Selma Ličina

Personal information
- Date of birth: May 8, 2001 (age 25)
- Place of birth: Bremen, Germany
- Position: Midfielder

Team information
- Current team: 1. FC Nürnberg
- Number: 17

Senior career*
- Years: Team / Apps / (Gls)
- 2018–2019: Werder Bremen II / 9 / (1)
- 2022: Werder Bremen II / 2 / (1)
- 2023: Werder Bremen / 2 / (0)
- 2023–2025: SV Meppen / 37 / (10)
- 2025–: FC Nürnberg / 17 / (1)

International career^{‡}
- 2018: Germany U-17 / 2 / (0)
- 2025–: Montenegro / 9 / (0)

= Selma Ličina =

German association football player

Selma Licina (born May 8, 2001 in Bremen) is a German football player for 1. FC Nürnberg and the Montenegro national team.

== Career ==

=== Club ===
Born and raised in Bremen, Ličina began playing soccer in Werder Bremen's youth academy. From 2015 to 2018, she played 48 league matches in the North/Northeast division of the U19 Bundesliga, scoring 20 goals.

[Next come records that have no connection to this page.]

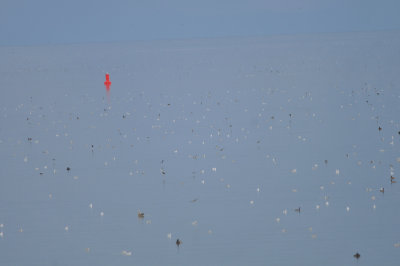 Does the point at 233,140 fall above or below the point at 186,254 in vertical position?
above

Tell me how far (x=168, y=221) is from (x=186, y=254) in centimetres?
178

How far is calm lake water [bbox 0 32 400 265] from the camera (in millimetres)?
11391

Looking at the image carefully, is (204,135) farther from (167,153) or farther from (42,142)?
(42,142)

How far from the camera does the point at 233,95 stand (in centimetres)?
3334

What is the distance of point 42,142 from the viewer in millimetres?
21812

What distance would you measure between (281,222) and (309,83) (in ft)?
84.5

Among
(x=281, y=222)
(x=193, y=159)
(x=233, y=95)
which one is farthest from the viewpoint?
(x=233, y=95)

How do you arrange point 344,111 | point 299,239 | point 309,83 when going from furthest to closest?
1. point 309,83
2. point 344,111
3. point 299,239

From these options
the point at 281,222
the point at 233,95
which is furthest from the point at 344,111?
the point at 281,222

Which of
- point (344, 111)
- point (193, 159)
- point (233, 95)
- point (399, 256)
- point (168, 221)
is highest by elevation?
point (233, 95)

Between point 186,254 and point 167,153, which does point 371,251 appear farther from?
point 167,153

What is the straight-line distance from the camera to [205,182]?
615 inches

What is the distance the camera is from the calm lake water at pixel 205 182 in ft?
37.4

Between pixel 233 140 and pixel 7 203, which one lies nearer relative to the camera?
pixel 7 203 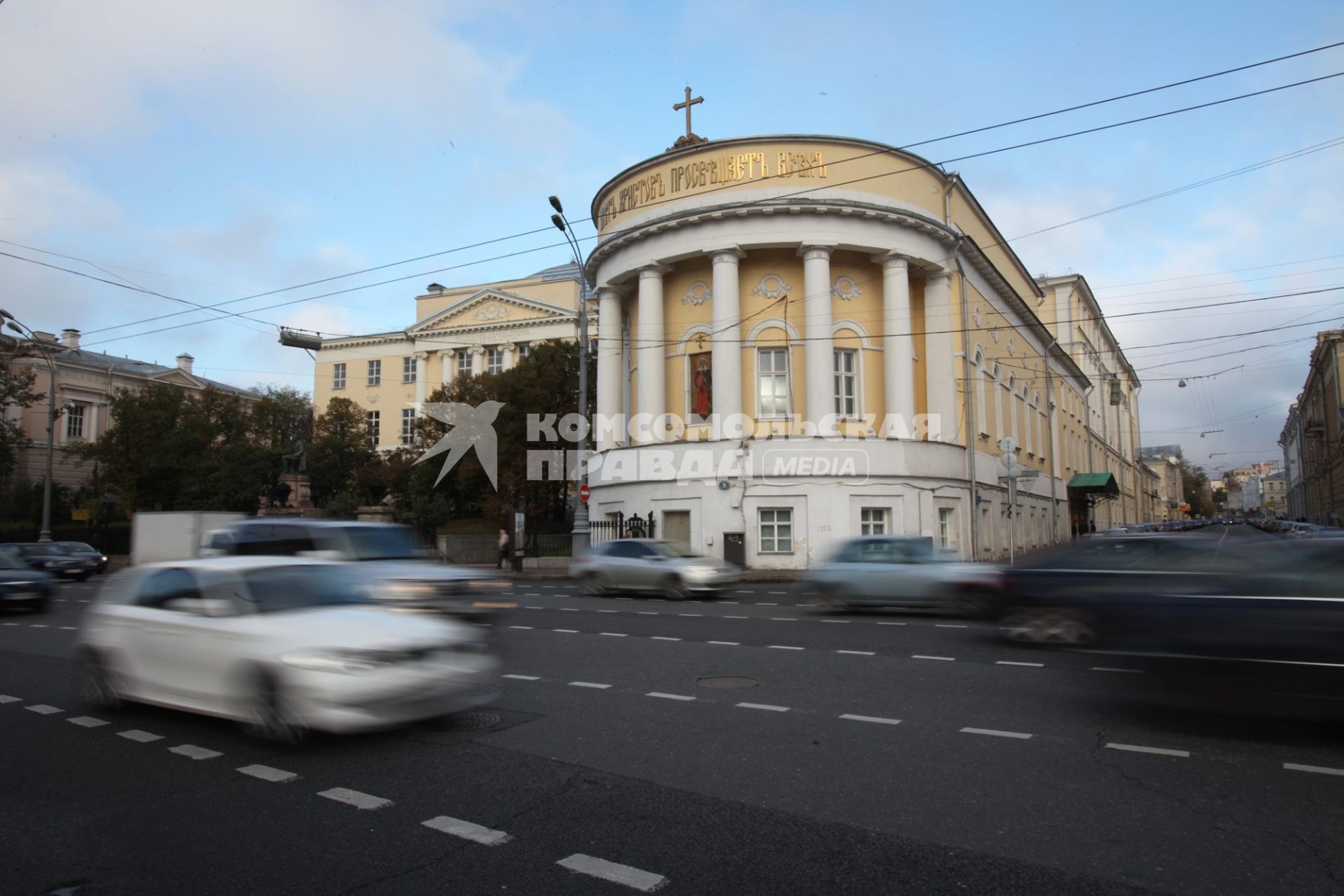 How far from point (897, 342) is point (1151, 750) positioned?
23.6 metres

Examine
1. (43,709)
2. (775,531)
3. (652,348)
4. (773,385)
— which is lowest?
(43,709)

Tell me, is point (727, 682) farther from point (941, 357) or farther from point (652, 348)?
point (941, 357)

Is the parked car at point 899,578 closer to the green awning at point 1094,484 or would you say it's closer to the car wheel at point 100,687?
the car wheel at point 100,687

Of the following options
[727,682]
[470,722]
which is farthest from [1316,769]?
[470,722]

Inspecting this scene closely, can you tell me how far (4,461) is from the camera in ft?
166

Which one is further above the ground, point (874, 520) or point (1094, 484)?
point (1094, 484)

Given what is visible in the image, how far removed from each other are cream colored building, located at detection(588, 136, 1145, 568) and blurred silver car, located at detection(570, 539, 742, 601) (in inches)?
274

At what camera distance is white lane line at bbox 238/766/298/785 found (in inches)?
230

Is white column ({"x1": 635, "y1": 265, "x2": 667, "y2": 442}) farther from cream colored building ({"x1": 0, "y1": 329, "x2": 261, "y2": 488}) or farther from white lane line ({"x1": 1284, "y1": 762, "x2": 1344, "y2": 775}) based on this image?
cream colored building ({"x1": 0, "y1": 329, "x2": 261, "y2": 488})

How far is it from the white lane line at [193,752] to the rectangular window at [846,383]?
79.8 ft

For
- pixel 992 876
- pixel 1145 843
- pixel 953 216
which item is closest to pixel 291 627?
pixel 992 876

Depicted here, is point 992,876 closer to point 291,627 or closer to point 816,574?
point 291,627

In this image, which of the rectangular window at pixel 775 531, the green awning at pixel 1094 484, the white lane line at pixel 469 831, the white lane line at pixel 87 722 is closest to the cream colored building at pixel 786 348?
the rectangular window at pixel 775 531

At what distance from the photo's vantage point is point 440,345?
207 ft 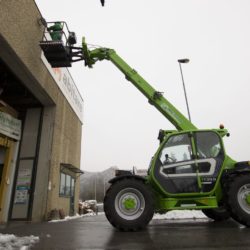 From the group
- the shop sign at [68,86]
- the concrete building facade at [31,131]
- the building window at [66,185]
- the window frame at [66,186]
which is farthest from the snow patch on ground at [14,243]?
the building window at [66,185]

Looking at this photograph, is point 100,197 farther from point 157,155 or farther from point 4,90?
point 157,155

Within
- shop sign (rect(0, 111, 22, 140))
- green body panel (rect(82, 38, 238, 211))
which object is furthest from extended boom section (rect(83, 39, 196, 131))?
shop sign (rect(0, 111, 22, 140))

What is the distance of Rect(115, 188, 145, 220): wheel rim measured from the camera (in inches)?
231

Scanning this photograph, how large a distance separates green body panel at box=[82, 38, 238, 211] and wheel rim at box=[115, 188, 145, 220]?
5cm

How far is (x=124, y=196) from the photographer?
19.9 feet

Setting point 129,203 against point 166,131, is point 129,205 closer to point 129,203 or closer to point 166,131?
point 129,203

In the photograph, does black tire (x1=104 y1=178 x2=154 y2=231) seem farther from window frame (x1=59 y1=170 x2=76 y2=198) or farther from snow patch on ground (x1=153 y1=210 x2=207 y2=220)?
window frame (x1=59 y1=170 x2=76 y2=198)

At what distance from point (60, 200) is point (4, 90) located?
728 cm

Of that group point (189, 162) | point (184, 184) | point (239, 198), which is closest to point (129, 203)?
point (184, 184)

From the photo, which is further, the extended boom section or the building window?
the building window

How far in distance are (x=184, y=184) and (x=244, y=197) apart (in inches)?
51.5

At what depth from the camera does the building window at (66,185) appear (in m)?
17.2

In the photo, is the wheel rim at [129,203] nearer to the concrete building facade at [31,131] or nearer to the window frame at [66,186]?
the concrete building facade at [31,131]

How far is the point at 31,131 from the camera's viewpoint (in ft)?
48.8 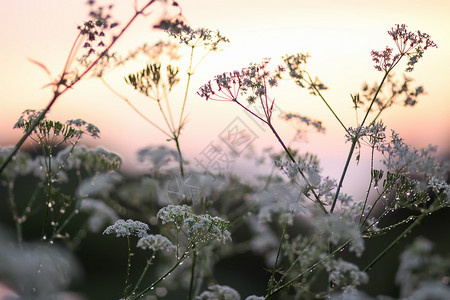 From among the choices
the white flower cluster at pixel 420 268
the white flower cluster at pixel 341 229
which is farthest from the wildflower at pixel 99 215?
the white flower cluster at pixel 420 268

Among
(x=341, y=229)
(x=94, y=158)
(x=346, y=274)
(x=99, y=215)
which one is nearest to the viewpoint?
(x=341, y=229)

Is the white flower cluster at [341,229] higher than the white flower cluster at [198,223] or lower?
lower

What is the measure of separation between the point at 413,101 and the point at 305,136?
107 centimetres

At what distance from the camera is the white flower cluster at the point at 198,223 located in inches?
109

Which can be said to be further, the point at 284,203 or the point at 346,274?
the point at 284,203

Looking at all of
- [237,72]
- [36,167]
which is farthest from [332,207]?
[36,167]

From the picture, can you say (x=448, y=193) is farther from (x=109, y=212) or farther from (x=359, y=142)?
(x=109, y=212)

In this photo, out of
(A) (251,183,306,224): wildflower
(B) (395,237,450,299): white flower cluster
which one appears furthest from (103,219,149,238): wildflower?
(B) (395,237,450,299): white flower cluster

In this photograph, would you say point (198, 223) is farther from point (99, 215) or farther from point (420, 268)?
point (99, 215)

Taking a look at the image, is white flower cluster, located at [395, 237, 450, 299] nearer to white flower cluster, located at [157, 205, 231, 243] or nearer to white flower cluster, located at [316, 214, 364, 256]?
white flower cluster, located at [316, 214, 364, 256]

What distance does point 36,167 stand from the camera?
170 inches

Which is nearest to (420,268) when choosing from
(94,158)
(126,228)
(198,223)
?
(198,223)

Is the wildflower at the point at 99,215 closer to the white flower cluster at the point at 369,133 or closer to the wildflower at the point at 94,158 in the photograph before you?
the wildflower at the point at 94,158

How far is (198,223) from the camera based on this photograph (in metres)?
2.76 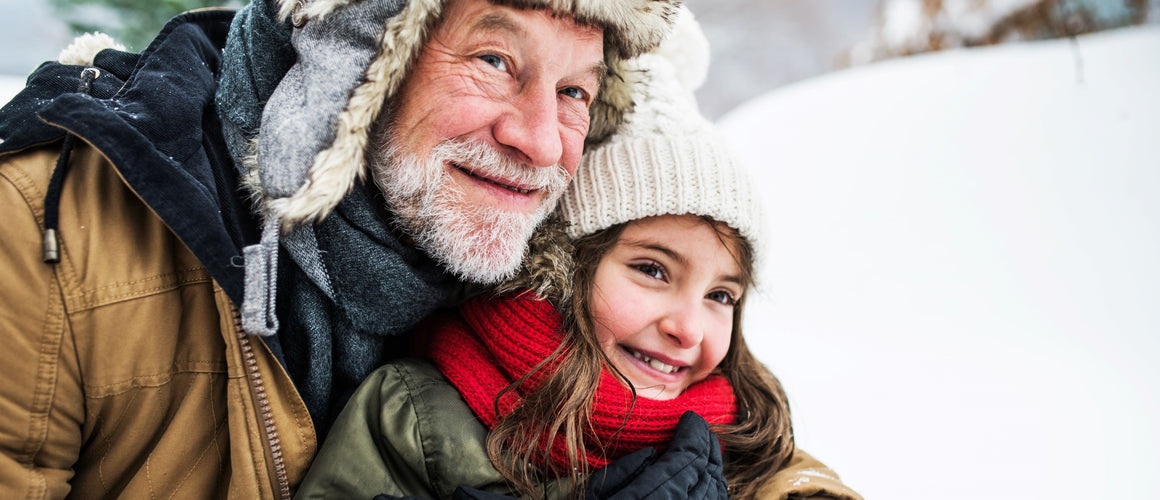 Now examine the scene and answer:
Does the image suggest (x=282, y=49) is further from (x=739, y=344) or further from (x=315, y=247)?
(x=739, y=344)

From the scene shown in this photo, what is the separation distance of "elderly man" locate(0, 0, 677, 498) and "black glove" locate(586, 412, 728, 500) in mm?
608

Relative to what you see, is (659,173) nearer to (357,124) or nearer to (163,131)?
(357,124)

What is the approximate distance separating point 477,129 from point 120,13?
3.38 metres

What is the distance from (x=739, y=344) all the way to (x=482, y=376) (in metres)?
0.94

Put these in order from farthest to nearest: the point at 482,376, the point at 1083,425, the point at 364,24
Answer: the point at 1083,425, the point at 482,376, the point at 364,24

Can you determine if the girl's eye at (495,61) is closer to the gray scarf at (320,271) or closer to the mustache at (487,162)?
the mustache at (487,162)

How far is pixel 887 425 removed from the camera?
10.3 ft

While still a U19 player, she played her first five league games for the second team, which plays in the third-tier Regionalliga Nord. She made her debut on October 8, 2017. In the following season, she contributed one goal in four league games.

After graduating from Kippenberg-Gymnasium in the Schwachhausen district of Bremen, Ličina went to the United States to study psychology. She played in 52 West Coast Conference championship games for the University of Portland's Pilots from August 23, 2019 to November 18, 2022. She scored a goal in her penultimate championship game on November 12, 2022 in a 3–0 away win against the Sun Devils, the Arizona State University team, with the final goal in the 78th minute. Before starting her fourth year as a senior and before the start of the 2022 season, she was in Germany, playing two games for Werder Bremen's reserve team in May 2022, scoring one goal.

Returning to Germany in January 2023, Ličina took part in the preparations for the second half of the season and played her only two league games for Bundesliga club Werder Bremen. She made her debut on March 14, 2023.

For the 2023/24 season, she was signed by SV Meppen.

For the 2025/26 season, Ličina moved to Bundesliga promoted team 1. FC Nürnberg. In the away game against 1. FC Union Berlin, Ličina equalized in the 90th minute to make it 1–1.

=== National ===
Licina played as a player for the Bremen Football Association's selection team in the U14 (2015), U16 (2017), and U18 (2016-2018) age groups in a total of 18 tournament matches for the DFB-Länderpokal at the Wedau Sports School in Duisburg, in which she scored five goals.

She played two international matches for the U17 Germany national team. She made her debut on February 27, 2018 in Bergisch Gladbach in a 2–1 friendly win against the U17 Norway team, coming on as a substitute for Emilie Bernhardt in the 66th minute. She also played in the second match on March 1, 2018 in Cologne in another 2–1 win over the Norwegian U17 team, substituting for Shekiera Martinez in the 54th minute.

Ličina made her debut for the Montenegro national team on February 25, 2025 in Podgorica in a 3–1 win over Lithuania in the second group stage match of the UEFA Nations League.